The Ringstraße is a grand 3-mile route around Vienna’s old city.

Much like a vintage jewelry box, the outside is ornate beauty, while the inside is full of invaluable treasures.

Take a tour of the Ringstraße once for the architecture and another time for the quiet retreats along the way.


An architectural merry-go-round

The Ringstraße is a boulevard of architecturally impressive museums, hotels, government buildings and palace after palace. The ritzy adornment of this boulevard is no accident. The Ringstraße was constructed by Emperor Franz Joseph in 1857 and shortly thereafter nobles rushed to build their lavish residences along the road, showcasing both wealth and power, according to the Vienna Tourist Board’s official website. The 19th century architectural elegance that came about in those 30 years after the Ringstraße’s construction has come to symbolize the atmosphere of the city. The route is now home to parliament, city hall and a number of museums.

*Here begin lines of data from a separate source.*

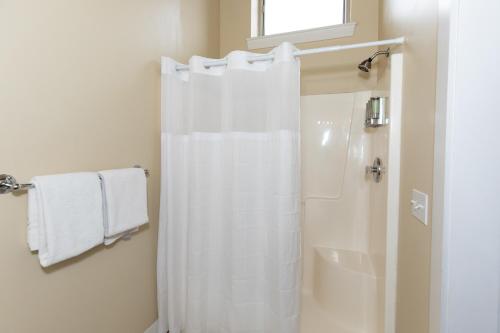 a bathroom with a shower with a white shower curtain at The Jazz Club Downtown Sandusky in Sandusky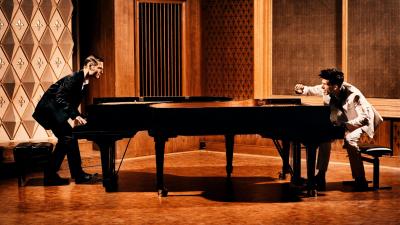 Two pianists, one dressed in white and one in black, face each other while playing a piano.
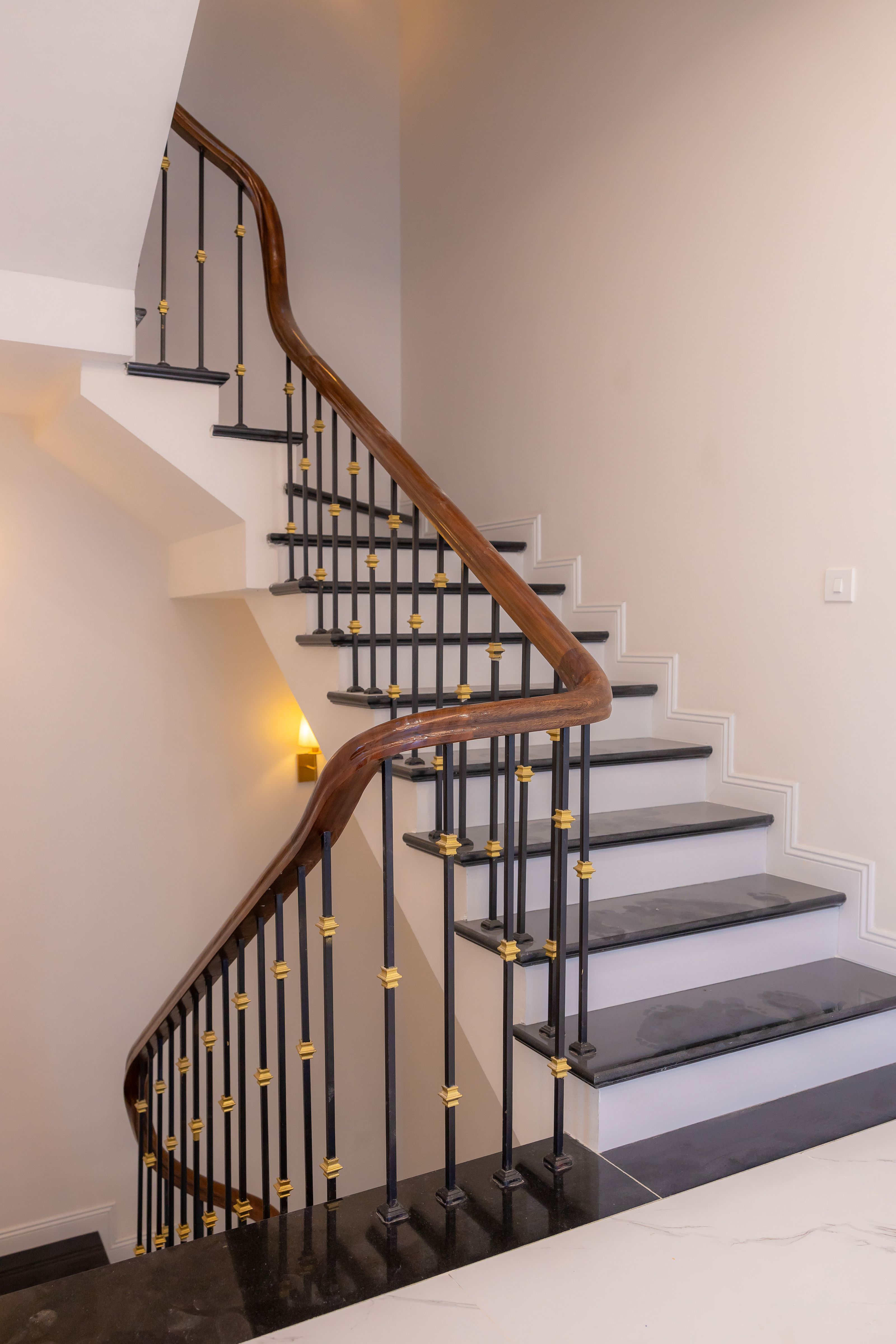An elegant staircase with a curved wood handrail, black balusters, brass details, and crisp white trim.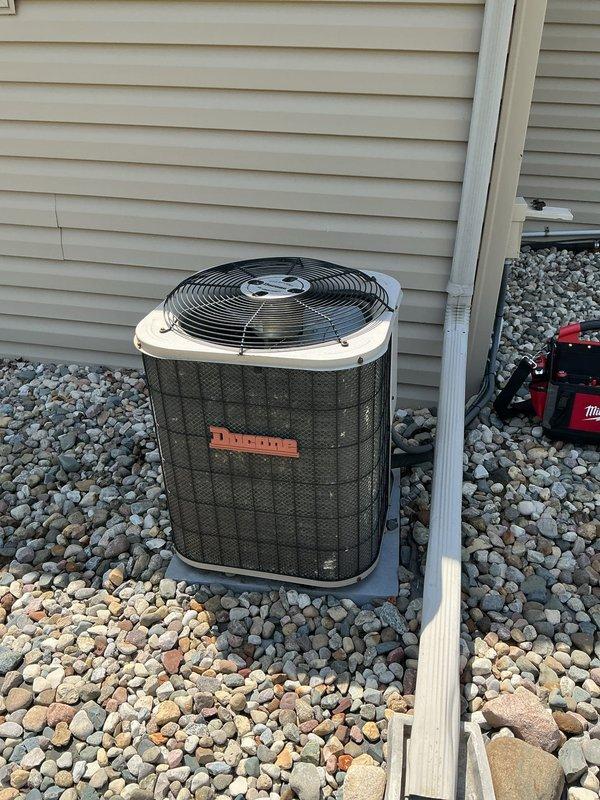 Responded to no cooling call on 20-year-old Ducane central air conditioning system with non-operational condenser fan motor. Upon arrival, confirmed outdoor unit was completely non-functional with fan motor seized and not spinning. Diagnosed failed condenser fan motor and assessed overall system condition given age of equipment. Discussed repair versus replacement options with customer, noting the unit had exceeded its expected service life and additional component failures were likely. Customer elected to consider replacement options due to age and cost of repairs on aging system.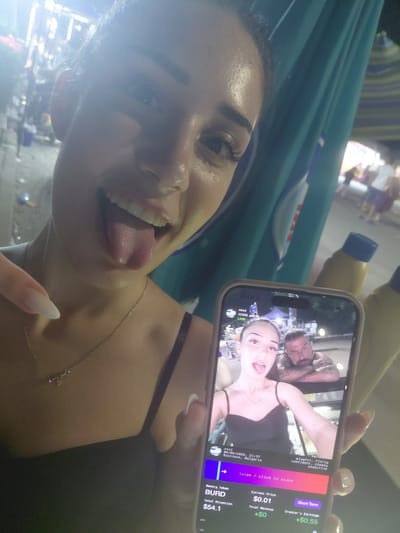 The image captures a close-up selfie taken by a woman in Kostievo, Bulgaria, at 21:47, as indicated on the displayed phone screen. The woman in the foreground is smiling broadly with her tongue extended and is pointing towards her chin with her right index finger, which has a long, pointed, light-colored nail. She wears a dark, thin-strapped top and a delicate silver-colored necklace with a small heart-shaped charm. She holds a smartphone in her left hand, displaying a screen that shows another selfie.
The smartphone screen features an image of a woman, resembling the foreground subject, also with her tongue extended, alongside a bearded man with visible arm tattoos, who is leaning forward with his arms crossed. Below this image, text states "vivi," "05/05/2026, 21:47," and "Kostievo, Bulgaria," along with descriptive terms: "playful, flirty, confident, cheeky, seductive." Additional information on the screen details a "Memory Token BURD" with a "Current Price $0.01," "Total Attention $54.1," "Total Revenue +$0," and "Creator's Earnings +$0.55," accompanied by a "Swipe / click to stake" prompt.
The background behind the foreground woman is an outdoor, nighttime scene. A prominent vertical section of blue-green fabric, possibly an awning or banner, is visible on the right side. To the right of her head, two yellow bottles with blue caps are partially discernible. The distant background is out of focus, revealing blurred figures of people and multiple bright light sources, suggesting a lively street or public area.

You’re likely to get dizzy going round the Ringstraße, not from the constant right turns, but because of the myriad references to centuries of architectural history interpreted by decadent nobles. Many of these buildings have taken on a variety of architectural styles – the Vienna State Opera is a testament to neo-renaissance; the city hall is Flemish gothic; and the Burgtheater is new Baroque, according to the Vienna Tourist Board. These facades are enough to make a trip to Vienna memorable.


Life outside the state house

While the Ringstraße’s most famous attractions are its public spaces, Vienna’s official tourist website reminds visitors that the street was once a place for the lively upper set to work and mingle. Perhaps most emblematic of that culture is the Palais Lieben-Auspitz. Now the house of Cafe Landtmann, it used to be the home of a literary salon. On most days, but especially the summer, parts of Vienna’s Ringstraße are still energetic hubs of activity, and highlights of Austria tours. At the State Opera House, locals gather at a famed food stand that offers some of the city’s best sausages, from Kasekrainer to curry wurst. Stage actors, meanwhile, try to solicit the bustling tourists to come see a show.


Green spaces and coffee shops

Other great stops along the road are the green spaces around town, from City Park to Stadtpark. The latter is an especially good place for a picnic or a light stroll. For travelers looking for something a little grander, however, there is the Belvedere Palace, just a few more blocks outside the Ringstraße. The two-tiered estate has a gorgeous sprawling view up a slope of symmetrical fountains, hedges, paths and flowers.

Whether you’ve taken a trolley or walked around the Ringstraße, probably the best way to enjoy a trip to Vienna is to have a leisurely cup of coffee. Café Central is famous for having hosted the likes of Tolstoy and other great thinkers and literati, and if you go there you will be summarily greeted by the likes of a bunch of tired looking tourists. However, for a truly great cup of coffee go to Café Sperl, a pool hall coffee shop with large windows, plush window nook seats and a host of newspapers for idling the afternoon away. Half the tables are often reserved for locals who like to get their morning meal and news there.